## EXERCISE PROMPT
Print the listing below exactly, images excluded.

## DATA EXCERPT
+--
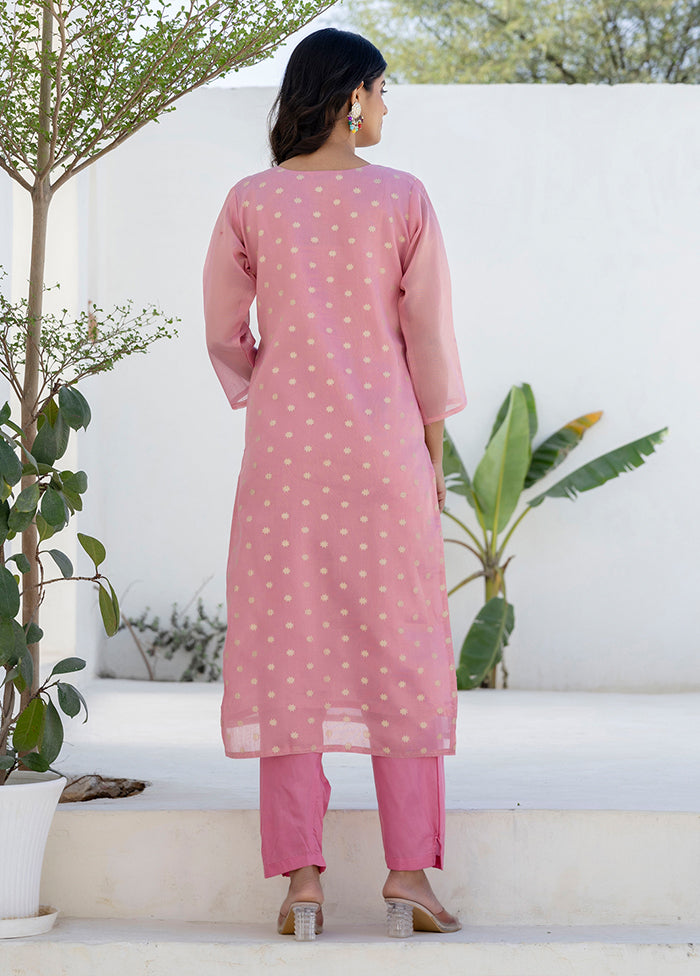 3 Pc Pink Silk Suit Set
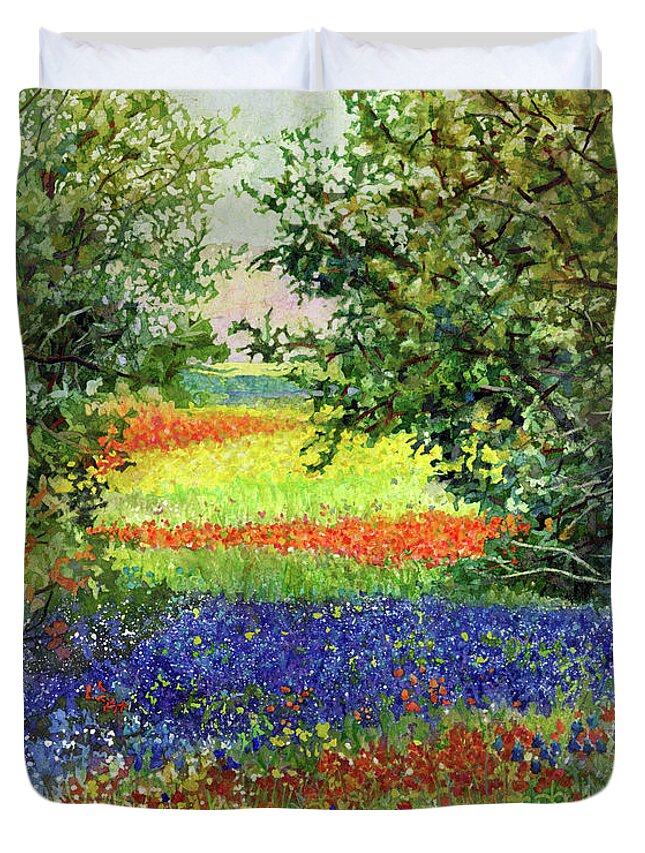 Bluebonnet Duvet Cover featuring the painting Rural Heaven by Hailey E Herrera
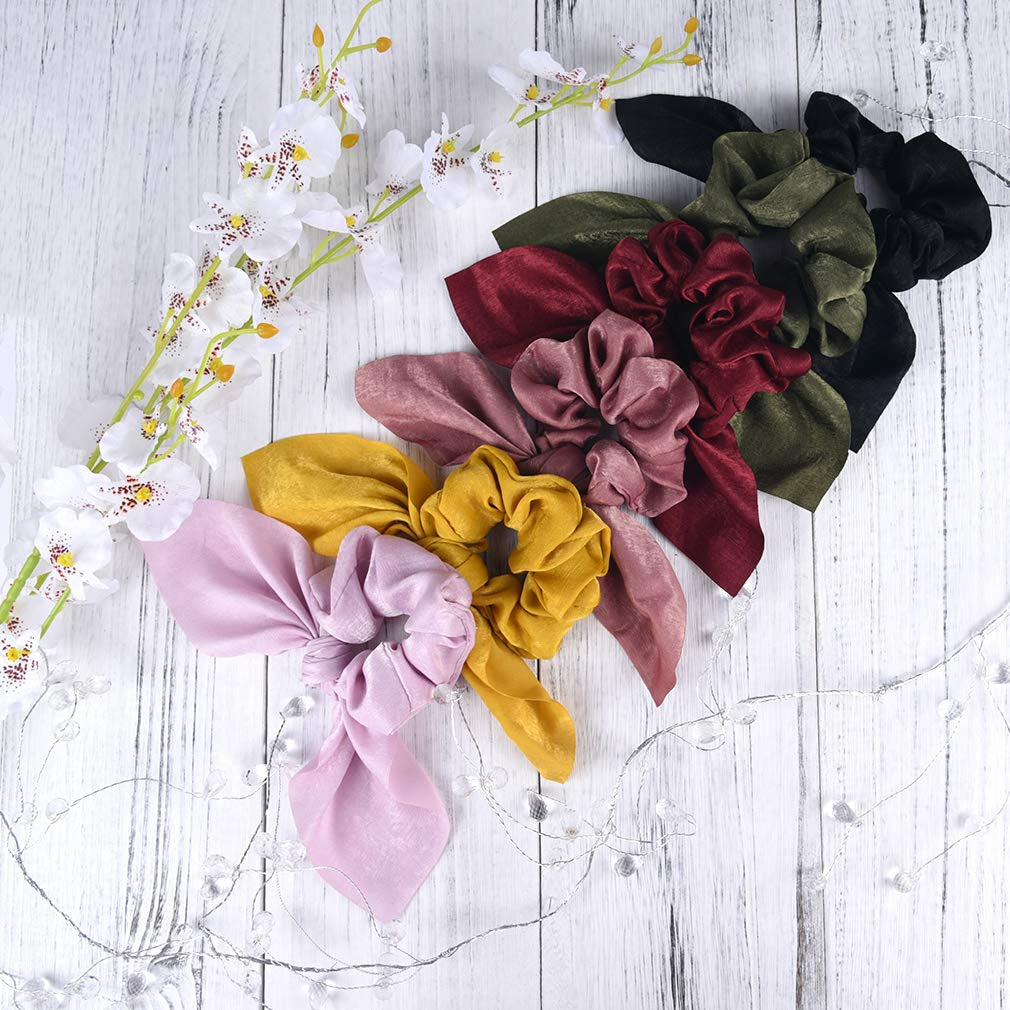 6PCS Hair Scrunchies Satin Silkrabbit Bunny Ear Bow Bowknot Scrunchie Bobbles Elastic Hair Ties Bands Ponytail Holder for Women Accessories 01 Classic Color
+--
## RESPONSE TO THE EXERCISE
 3 Pc Pink Silk Suit Set
 Bluebonnet Duvet Cover featuring the painting Rural Heaven by Hailey E Herrera
 6PCS Hair Scrunchies Satin Silkrabbit Bunny Ear Bow Bowknot Scrunchie Bobbles Elastic Hair Ties Bands Ponytail Holder for Women Accessories 01 Classic Color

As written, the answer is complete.